9.11 and the Equal Protection of Law
James RIM
Perspectives,
Vol. 3, No. 3
As
a native New Yorker, I was shocked to see two towering symbols
of my beloved city and, more importantly, the lives of thousands
of my fellow New Yorkers, destroyed this past September 11.
On that day, I witnessed the Twin Towers smoldering in flames
as I was commuting to work in the morning, and by the time
I was finally able to leave my Manhattan office, the towers
were no more. Of course, the memorable events did not end
on September 11. The days following have included an evacuation
of my office due to a bomb threat, numerous reports of other
possible terrorist attacks, the anthrax scare across the country,
and the military campaign in Afghanistan. I, like my fellow
Americans, have felt the wide range of emotions triggered
by these unfathomable events, including anger, fear, concern,
and sadness. Much attention has been focused on the tremendous
obstacles the United States and its allies face in this "War
on Terror" across the globe, which many believe must
be won at all cost. Indeed, preserving the integrity of the
state and safety of its citizens a fundamental duty of any
legitimate government. In waging this war, the U.S. government
has undertaken many forceful measures, including targeting
Middle-Eastern and Muslim men in their terror investigation,
raising the possibility of employing military tribunals for
non-U.S. citizens, and clamping down on suspected terrorist
financial networks. These measures, and the possibility of
even tighter measures, have prompted many to voice their concerns.

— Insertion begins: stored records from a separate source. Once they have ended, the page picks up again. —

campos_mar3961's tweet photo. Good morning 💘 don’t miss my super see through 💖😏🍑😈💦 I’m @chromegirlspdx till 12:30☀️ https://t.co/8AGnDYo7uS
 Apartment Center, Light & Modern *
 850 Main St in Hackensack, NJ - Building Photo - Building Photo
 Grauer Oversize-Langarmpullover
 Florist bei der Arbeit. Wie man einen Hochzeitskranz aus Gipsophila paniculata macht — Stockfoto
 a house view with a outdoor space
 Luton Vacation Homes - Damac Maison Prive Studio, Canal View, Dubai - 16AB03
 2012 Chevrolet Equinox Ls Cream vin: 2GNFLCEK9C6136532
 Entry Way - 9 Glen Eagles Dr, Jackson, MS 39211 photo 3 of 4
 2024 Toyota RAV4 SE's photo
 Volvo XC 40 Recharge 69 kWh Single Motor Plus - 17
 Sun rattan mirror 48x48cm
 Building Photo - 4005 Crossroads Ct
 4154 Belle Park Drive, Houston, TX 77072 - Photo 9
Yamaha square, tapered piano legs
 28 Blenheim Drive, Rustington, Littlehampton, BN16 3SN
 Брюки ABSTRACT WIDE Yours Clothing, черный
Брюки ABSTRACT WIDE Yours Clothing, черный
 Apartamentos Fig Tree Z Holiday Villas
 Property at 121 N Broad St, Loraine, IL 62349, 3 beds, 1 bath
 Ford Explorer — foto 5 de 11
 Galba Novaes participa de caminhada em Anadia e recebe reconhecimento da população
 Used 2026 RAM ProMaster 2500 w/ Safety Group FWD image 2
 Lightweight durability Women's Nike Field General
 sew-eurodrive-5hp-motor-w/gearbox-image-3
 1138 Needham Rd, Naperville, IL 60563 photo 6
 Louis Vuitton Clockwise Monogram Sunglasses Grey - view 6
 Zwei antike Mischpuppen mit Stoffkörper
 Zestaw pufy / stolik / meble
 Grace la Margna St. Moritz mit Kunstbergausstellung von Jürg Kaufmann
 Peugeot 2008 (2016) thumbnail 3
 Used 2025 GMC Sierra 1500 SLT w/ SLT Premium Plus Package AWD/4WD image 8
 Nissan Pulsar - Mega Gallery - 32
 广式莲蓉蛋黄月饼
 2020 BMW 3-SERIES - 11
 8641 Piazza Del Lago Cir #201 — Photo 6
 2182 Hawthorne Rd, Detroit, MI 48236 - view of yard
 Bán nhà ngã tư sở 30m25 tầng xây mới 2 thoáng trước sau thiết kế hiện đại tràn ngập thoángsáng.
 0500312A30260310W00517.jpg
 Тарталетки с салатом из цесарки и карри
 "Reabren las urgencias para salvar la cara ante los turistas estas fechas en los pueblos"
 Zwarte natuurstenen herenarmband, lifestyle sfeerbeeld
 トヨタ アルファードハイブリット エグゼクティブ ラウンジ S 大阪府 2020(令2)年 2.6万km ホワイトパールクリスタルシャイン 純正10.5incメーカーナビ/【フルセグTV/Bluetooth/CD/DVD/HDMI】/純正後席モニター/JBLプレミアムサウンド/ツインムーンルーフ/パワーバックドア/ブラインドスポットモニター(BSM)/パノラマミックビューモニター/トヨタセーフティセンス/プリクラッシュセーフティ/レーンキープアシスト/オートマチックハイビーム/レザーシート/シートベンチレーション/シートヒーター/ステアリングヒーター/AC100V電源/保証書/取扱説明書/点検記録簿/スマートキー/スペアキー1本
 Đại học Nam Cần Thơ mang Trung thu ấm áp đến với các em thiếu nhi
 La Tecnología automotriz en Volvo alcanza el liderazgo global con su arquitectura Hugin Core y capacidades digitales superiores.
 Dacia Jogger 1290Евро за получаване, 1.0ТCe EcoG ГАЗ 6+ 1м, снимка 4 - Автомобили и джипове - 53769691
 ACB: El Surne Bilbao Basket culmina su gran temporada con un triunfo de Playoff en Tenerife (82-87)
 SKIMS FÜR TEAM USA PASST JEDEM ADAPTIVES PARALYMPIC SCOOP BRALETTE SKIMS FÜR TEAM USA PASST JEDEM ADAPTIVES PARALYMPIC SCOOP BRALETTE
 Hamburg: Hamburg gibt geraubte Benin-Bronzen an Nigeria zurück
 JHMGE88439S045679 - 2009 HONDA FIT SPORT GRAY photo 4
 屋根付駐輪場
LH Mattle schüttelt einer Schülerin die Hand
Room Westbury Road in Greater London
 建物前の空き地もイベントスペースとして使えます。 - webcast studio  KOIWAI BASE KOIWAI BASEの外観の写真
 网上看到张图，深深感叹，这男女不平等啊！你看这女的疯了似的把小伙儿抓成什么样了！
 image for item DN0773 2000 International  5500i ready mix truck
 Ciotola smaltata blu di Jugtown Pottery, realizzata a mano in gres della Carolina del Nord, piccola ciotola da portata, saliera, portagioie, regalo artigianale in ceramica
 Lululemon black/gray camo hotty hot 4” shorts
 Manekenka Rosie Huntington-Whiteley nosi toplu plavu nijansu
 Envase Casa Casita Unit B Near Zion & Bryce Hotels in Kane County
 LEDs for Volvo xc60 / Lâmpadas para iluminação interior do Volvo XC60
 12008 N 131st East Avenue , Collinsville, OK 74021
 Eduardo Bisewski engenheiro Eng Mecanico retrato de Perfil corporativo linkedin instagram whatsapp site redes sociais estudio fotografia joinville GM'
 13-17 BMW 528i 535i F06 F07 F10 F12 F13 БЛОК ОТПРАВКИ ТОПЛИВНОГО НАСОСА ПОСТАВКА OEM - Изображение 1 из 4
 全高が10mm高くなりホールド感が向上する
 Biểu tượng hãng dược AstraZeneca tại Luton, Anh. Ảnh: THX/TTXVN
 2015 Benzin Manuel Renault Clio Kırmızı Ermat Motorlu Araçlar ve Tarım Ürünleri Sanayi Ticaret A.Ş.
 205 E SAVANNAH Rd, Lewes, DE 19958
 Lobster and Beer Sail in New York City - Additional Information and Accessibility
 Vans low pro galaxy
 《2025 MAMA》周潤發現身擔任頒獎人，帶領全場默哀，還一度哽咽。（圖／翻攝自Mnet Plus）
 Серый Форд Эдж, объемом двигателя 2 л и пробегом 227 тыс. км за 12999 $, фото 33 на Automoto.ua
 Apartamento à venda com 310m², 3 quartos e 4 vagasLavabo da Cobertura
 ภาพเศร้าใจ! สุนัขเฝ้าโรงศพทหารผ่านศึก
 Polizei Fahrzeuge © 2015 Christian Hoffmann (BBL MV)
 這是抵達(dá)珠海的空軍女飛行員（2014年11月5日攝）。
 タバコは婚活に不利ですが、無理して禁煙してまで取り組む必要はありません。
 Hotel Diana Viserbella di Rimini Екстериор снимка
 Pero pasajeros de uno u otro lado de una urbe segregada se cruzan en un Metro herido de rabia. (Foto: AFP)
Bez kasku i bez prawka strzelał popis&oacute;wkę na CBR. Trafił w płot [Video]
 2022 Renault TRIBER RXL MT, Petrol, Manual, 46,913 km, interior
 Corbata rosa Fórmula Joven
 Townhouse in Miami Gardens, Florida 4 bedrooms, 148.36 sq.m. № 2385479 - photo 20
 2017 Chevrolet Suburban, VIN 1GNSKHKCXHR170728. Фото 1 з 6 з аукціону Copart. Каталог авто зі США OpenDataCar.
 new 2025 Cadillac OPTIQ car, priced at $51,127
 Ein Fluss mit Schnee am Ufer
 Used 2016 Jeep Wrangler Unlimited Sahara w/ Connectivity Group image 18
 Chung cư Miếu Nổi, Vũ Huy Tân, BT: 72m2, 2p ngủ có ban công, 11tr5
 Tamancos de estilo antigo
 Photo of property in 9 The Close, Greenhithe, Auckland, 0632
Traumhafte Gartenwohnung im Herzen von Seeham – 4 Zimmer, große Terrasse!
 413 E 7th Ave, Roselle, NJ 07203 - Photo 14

The most widely expressed of these concerns has been the sentiment
that America's most cherished civil liberties may be weakened
by America's new war. This short commentary addresses America's
new war from a constitutional perspective, focusing on the
constitutional guarantee of equal protection under the law.
The
War on Terror began as a reflexive reaction to the brutal
events of September 11, and America's goals have been stated
as the destruction of Bin Laden's terrorist network, bringing
the responsible parties to justice, and thwarting future terrorist
attacks against the U.S. While there is little dispute over
these noble goals, it has become increasingly apparent that
significant costs will be incurred in fighting this war. While
America, perhaps the most economically blessed nation in the
history of human-kind, can likely manage the financial costs
of waging this war, the costs on American society, values,
and history may be far more significant. America has been
held by many in the world as a beacon of civil liberties and
a model of stable constitutional system of government. One
constitutional principal that has guided the development of
these values is equal protection under the law. To advance
the cause of equality of citizens under the law, America has
endured a civil war, the struggle for universal suffrage,
and the civil rights movement. At this critical moment of
American history, the lessons from America's struggle for
equal rights should guide the policies pursued in this new
war, lest our constitutional liberties be counted among the
casualties of this war.
The
Fourteenth Amendment to the U.S. constitution, which was adopted
just after the Civil War in 1868, states that state governments
may not "deny to any person within its jurisdiction the
equal protection of the law". Under the constitutional
jurisprudence that has developed under the Fourteenth and
the Fifth Amendments, both federal and state government laws
and actions based on racial classification are deemed suspect
and must meet the "strict scrutiny" test in order
to be constitutionally valid. Under the "strict scrutiny"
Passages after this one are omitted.